Le caratteristiche tecnologiche della farina rivestono un’importanza fondamentale cui nessun operatore dovrebbe prescindere, perché determinano il comportamento della materia prima in vari processi di lavorazione. Da esse dipende, infatti, la qualità dell’impasto e del prodotto finito. Tra queste sono importanti le caratteristiche reologiche (elasticità ed estensibilità) e del glutine, nonché le proprietà fermentative. Con la lettera P si indica la tenacità dell’impasto, con la L, invece, la sua estensibilità. Dal rapporto P/L è possibile valutare l’equilibrio tra tenacità ed estensibilità della farina. Quando P/L è inferiore a 0,40 le farine sono molto estensibili, collose durante la lavorazione e danno un prodotto poco sviluppato perchè la maglia glutinica non trattiene l’anidride carbonica prodotta dai lieviti. Quando P/L è superiore a 0,70, invece, le farine sono molto tenaci e difficili da impastare, anche in questo caso il prodotto sarà poco sviluppato. Il valore ottimale è compreso tra 0,40 e 0,70. Dal valore di W è possibile quantificare la forza dell’impasto e la qualità tecnologica della farina. Per W inferiori a 150 le farine sono deboli, gli impasti collosi e difficili da lavorare. Se il valore è compreso tra 150 e 170 la forza è mediocre. Tra 170 e 250 la forza è media, tra 250 e 310 parliamo di farine forti. Quando i valori di W superano i 310 siamo in presenza di farine molto forti che richiedono lunghe lievitazioni. La forza della farina dipende soprattutto dalla quantità e qualità del glutine: più è alto il contenuto di glutine nella farina più elevato sarà il suo valore di forza. Quest’ultima è, inoltre, influenzata dall’amido, dalla sua “attaccabilità” e dagli enzimi amilasi. Una farina forte ha una grossa capacità di trattenere anidride carbonica e, avendo una maglia glutinica molto resistente, dà origine a un impasto asciutto ed elastico.
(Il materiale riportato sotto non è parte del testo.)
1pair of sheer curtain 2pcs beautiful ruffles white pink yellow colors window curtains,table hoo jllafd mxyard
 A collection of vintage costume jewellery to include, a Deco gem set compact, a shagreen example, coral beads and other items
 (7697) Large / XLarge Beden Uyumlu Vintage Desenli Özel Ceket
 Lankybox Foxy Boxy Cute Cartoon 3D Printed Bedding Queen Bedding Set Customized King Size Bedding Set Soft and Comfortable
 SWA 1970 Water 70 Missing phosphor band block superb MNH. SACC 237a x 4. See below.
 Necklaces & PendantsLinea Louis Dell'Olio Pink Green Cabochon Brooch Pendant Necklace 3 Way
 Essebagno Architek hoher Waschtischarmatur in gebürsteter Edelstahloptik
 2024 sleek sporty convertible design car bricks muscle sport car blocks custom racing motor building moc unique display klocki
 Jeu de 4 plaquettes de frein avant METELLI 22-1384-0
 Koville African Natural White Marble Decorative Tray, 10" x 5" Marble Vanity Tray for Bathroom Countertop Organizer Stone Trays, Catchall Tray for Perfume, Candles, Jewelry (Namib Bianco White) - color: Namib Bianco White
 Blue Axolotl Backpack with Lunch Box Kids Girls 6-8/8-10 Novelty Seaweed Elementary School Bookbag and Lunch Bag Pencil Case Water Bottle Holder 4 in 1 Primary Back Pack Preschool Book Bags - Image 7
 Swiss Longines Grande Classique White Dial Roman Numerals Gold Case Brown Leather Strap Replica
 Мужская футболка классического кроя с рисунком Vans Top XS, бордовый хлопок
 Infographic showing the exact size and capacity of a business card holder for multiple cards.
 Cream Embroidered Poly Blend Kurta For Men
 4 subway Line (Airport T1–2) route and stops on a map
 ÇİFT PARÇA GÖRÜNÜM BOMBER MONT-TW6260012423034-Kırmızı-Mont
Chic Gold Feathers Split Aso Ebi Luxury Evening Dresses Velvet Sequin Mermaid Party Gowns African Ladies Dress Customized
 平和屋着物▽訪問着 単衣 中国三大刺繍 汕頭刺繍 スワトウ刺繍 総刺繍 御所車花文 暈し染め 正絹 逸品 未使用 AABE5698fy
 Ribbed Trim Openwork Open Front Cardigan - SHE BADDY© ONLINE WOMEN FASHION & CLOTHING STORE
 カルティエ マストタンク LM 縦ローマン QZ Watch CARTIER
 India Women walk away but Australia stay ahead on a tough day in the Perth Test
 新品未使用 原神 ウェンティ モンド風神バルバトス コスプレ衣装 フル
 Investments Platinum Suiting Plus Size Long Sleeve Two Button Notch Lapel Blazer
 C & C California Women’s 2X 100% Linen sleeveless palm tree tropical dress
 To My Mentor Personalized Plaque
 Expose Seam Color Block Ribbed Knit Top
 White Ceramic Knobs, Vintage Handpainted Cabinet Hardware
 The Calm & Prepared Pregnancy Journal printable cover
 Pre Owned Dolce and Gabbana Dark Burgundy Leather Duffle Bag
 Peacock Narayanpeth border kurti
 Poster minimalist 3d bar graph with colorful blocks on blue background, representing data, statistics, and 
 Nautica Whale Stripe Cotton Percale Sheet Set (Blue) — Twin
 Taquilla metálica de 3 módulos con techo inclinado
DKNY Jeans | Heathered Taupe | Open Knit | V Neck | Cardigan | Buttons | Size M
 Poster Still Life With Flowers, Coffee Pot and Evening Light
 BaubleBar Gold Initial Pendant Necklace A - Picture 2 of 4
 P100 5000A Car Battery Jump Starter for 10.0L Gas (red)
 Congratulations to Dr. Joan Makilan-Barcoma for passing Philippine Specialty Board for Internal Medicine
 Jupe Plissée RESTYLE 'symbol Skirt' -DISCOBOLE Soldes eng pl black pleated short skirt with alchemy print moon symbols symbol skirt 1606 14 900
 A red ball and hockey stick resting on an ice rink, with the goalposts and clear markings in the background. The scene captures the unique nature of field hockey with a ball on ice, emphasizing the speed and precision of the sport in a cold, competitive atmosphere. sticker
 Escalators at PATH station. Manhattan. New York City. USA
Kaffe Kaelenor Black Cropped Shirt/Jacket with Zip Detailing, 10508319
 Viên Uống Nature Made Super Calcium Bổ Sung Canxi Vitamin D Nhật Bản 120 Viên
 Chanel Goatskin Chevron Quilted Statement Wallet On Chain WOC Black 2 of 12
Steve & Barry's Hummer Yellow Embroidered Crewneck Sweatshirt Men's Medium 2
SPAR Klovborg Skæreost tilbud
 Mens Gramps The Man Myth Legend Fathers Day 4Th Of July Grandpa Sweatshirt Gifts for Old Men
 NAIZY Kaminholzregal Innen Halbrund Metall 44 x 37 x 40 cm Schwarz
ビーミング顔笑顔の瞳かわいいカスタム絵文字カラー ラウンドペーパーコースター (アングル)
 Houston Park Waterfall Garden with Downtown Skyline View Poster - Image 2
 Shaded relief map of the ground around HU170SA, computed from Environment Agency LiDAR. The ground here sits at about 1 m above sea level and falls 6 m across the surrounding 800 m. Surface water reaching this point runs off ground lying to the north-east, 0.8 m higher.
La forza della farina definisce:
– la quantità di acqua necessaria nell’impasto e il tempo di impasto;
– le caratteristiche dell’impasto stesso;
– la variazione dell’impasto durante la fermentazione, la formatura, la lievitazione e la cottura;
– lo sviluppo del prodotto durante la lievitazione;
– i tempi e i parametri della lievitazione stessa;
– il volume del prodotto finito, la sua forma e le caratteristiche della mollica.
Il potere diastasico è la capacità delle amilasi di rompere i legami di carbonio e di convertire gli zuccheri presenti nella farina in anidride carbonica e acqua. Il lievito presente nell’impasto determina la fermentazione utilizzando inizialmente gli zuccheri della farina e, successivamente, il glucosio formato dall’idrolisi dell’amido sotto l’azione delle alfa e beta amilasi.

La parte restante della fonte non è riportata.